The fact that Google hides so much click data in Search Console has aroused plenty of suspicion. But could it actually be doing an OK job in terms of presenting data that’s useful? We took a look at over 560,000 URLs across our client base to find out.
Data quality is a problem for most marketing channels, but the world of SEO has a few challenges that are particularly frustrating. The issue of hidden clicks in Google Search Console is definitely one of these, and this was recently brought back into the spotlight in this enlightening article by Ahrefs’ Patrick Stox.
Most SEOs consider GSC their source of truth. Do you trust the data to be accurate?
We ran a study and across 146,741 websites and nearly 9 billion total clicks. Almost half of the clicks go to terms they don't show you.https://t.co/0BF0vsMzYW
— Patrick Stox (@patrickstox) June 24, 2022
Here, he reports that after a month of pulling data from more than 146k websites and nearly nine billion clicks, GSC only attributed 46% of those clicks to actual keywords. The rest of the keywords were hidden.
But what exactly does this mean, and what -most importantly – does it tell us about the way Google chooses to show us the information it collects ? Let’s take a closer look.

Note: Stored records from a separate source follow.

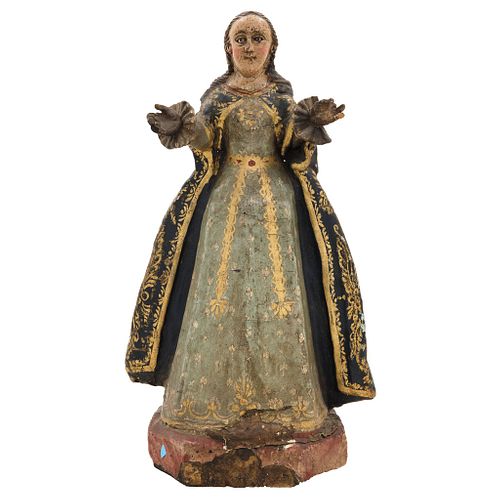 VIRGEN AMPONA, MÉXICO, 19th century, Carved in polychrome wood with glass eyes, Conservation details, 14.7" (37.5 cm) in height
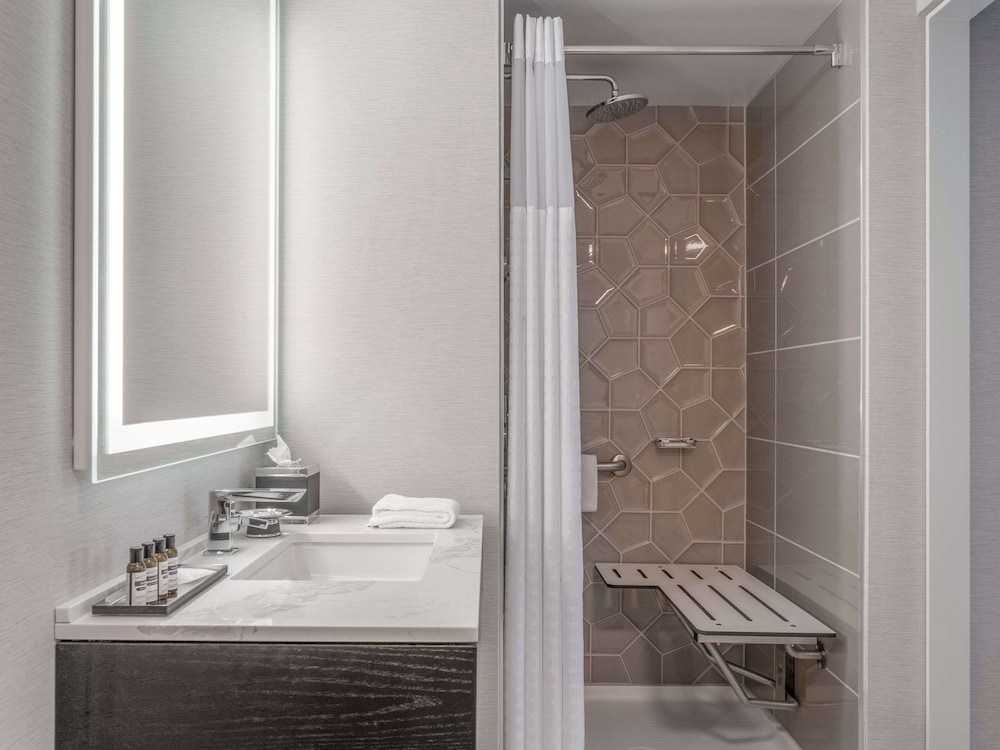 Hyatt Regency Deerfield 52/57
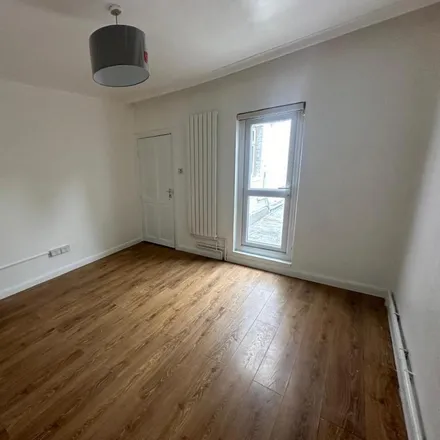 Image 3 - 409 Roman Road, Old Ford, London, E3 5QS, United Kingdom - Apartment for rent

This isn’t a new issue. It’s been common knowledge that GSC tends to obfuscate a good chunk of the data relating to keywords and which ones are actually resulting in clicks to any given website. What’s really surprising to most people though is just how much is hidden, and how much it varies for different websites for no apparent reason.
In his article, Stox talks about how wide the range of missing data can be for various sites – 90% missing for a site with 100 million clicks, and 2% missing for one with 63 million – and on the whole, we’ve found the same:
In the visualisation above – created by our in-house Data Scientist Dr. Joshua Prettyman – each box plot represents a Blink client and the range in which their missing keyword data stretches. The bottom of the whisker (as they’re known) illustrates the minimum amount of missing data, while the top is the maximum.

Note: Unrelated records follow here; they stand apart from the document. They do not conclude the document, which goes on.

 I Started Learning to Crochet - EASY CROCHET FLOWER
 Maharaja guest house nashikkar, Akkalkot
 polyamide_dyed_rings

As you can see, for some clients this range is huge, and it tends to go up or down month by month. In this example we can see that for this client the lowest month saw around 18% of missing click data, and at its highest nearly 60%.
Interestingly, the patterns don’t appear to be seasonal, which was our first suspicion. Year on year changes are not even slightly consistent, which is what you’d expect if this was the case. There are no other trends that immediately stand out – it all seems frustratingly random.
At this point, it may make sense to take a step back and ask, “why does this matter?” After all, how much of a difference does some missing data make? The short answer – quite a lot.
First of all, if the average site is missing 50% of their keyword data, that’s a huge blind spot. This specific data is used to show what terms are actually driving traffic to a site. This helps us understand what’s working, what isn’t and where we should focus the – not inconsiderable – effort that’s needed for an eCommerce SEO project.
Secondly, Google says that it hides data for a number of queries for things like privacy. And while we’d expect that on some scale, upwards of 50% of these queries being hidden because of privacy just isn’t feasible.
So what information is Google hiding? And why?
What does Google say about the issue?
This is all a bit vague, but Google’s overall stance is that there’s a discrepancy in the data due to privacy issues, or that the queries behind the data are only made a small number of times and don’t offer any value in terms of insight.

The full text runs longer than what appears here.